[Start of section]

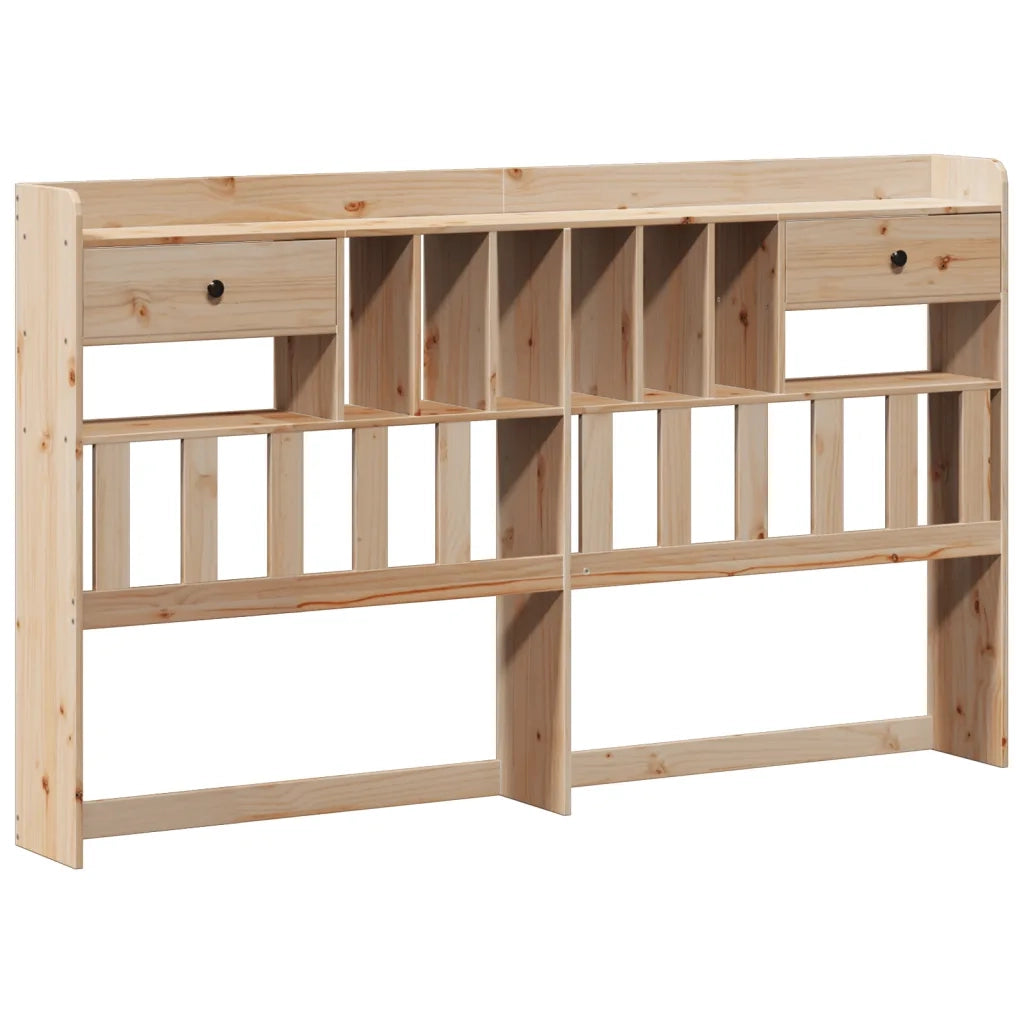 Letto Libreria senza Materasso 180x200 cm in Legno di Pino 3322607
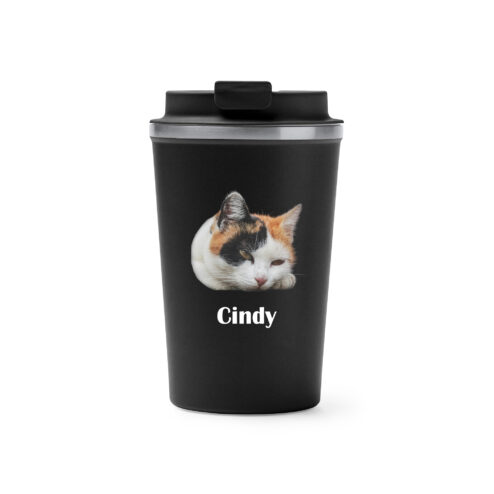 Cana termos cafea-Personalizata cu Poza Pisicii
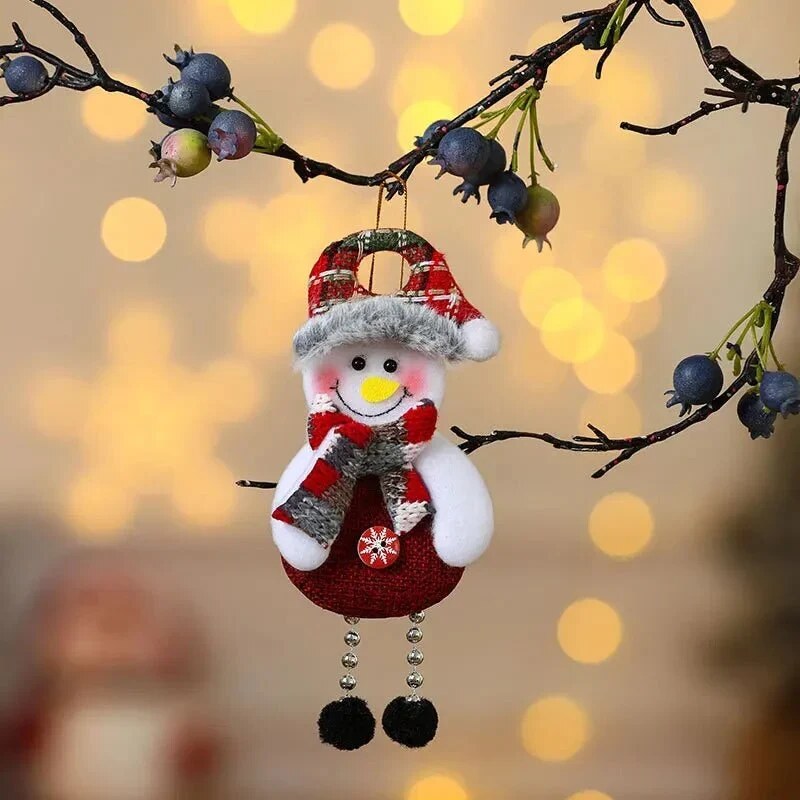 Christmas Tree Ornaments – Santa, Snowman, Reindeer, Bear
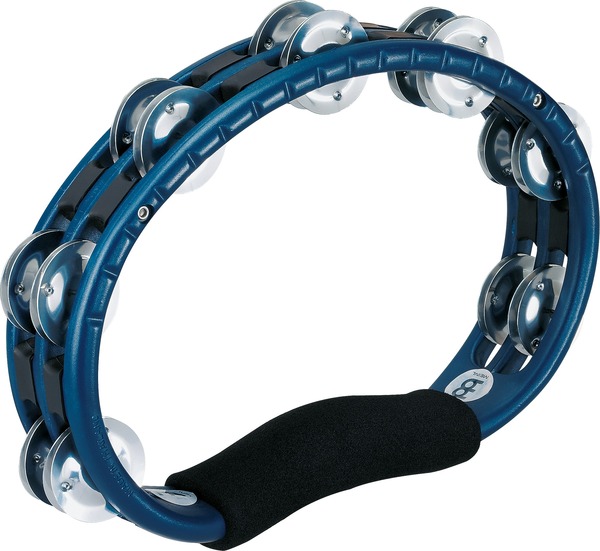 TMT1A-B Hand Held ABS Tambourine (aluminum jingles - blue)
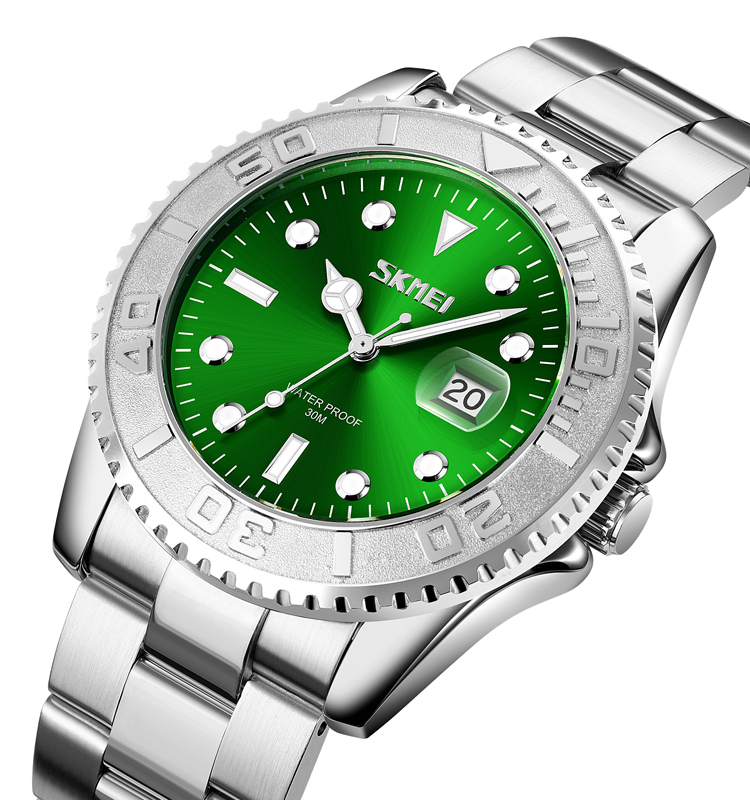 Skmei 9295SIGN Silver-Green - 2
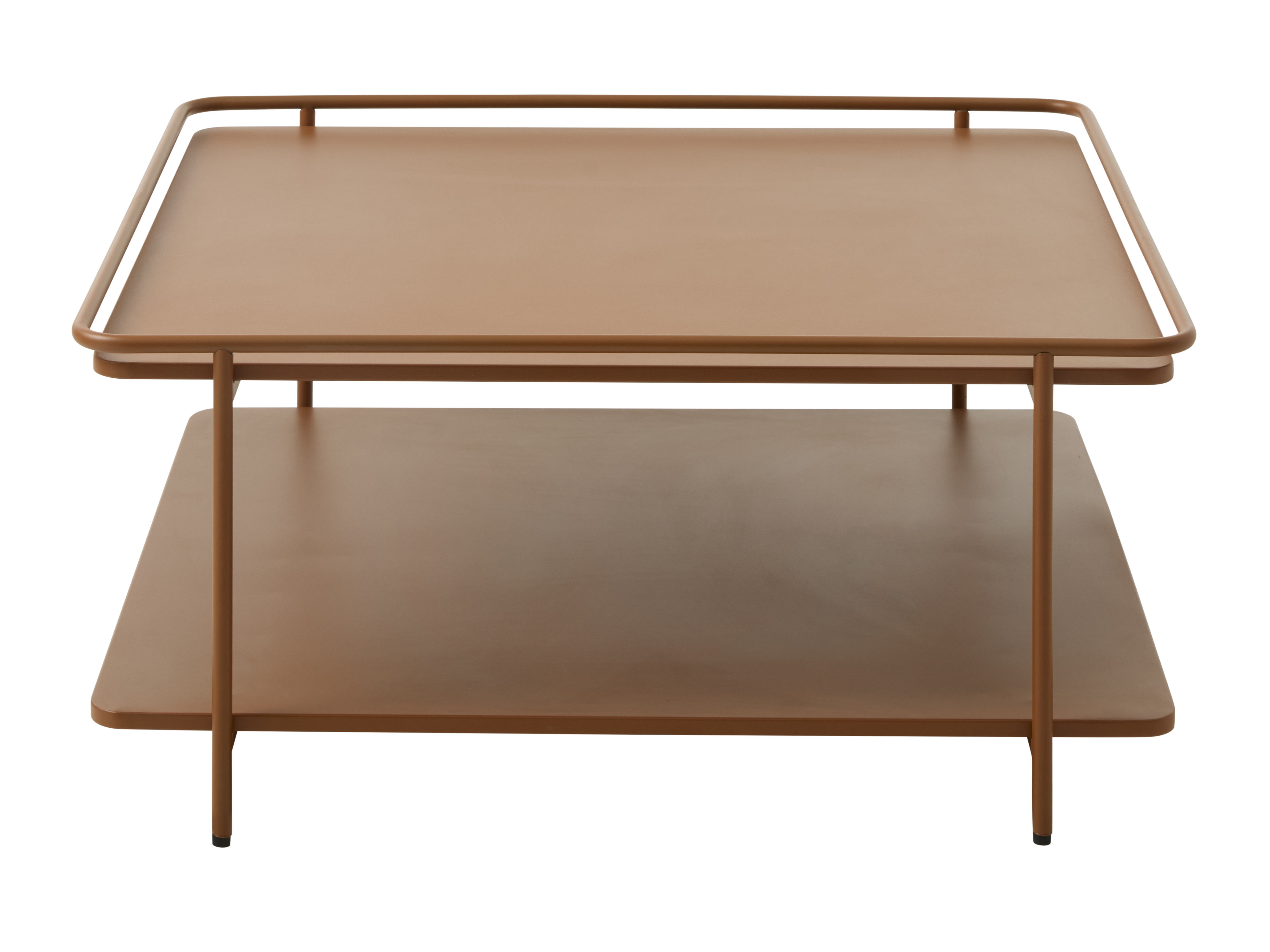 Yuba Sofabord       Hylde  Kvadratisk Terracotta Metal  75x75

[End of section]

What the task requires: Lines starting at the one with "TMT1A-B Hand Held" and ending at the last line of the entries above must be restated word for word, with pictures omitted.

Solution to this exercise:
 TMT1A-B Hand Held ABS Tambourine (aluminum jingles - blue)
 Skmei 9295SIGN Silver-Green - 2
 Yuba Sofabord       Hylde  Kvadratisk Terracotta Metal  75x75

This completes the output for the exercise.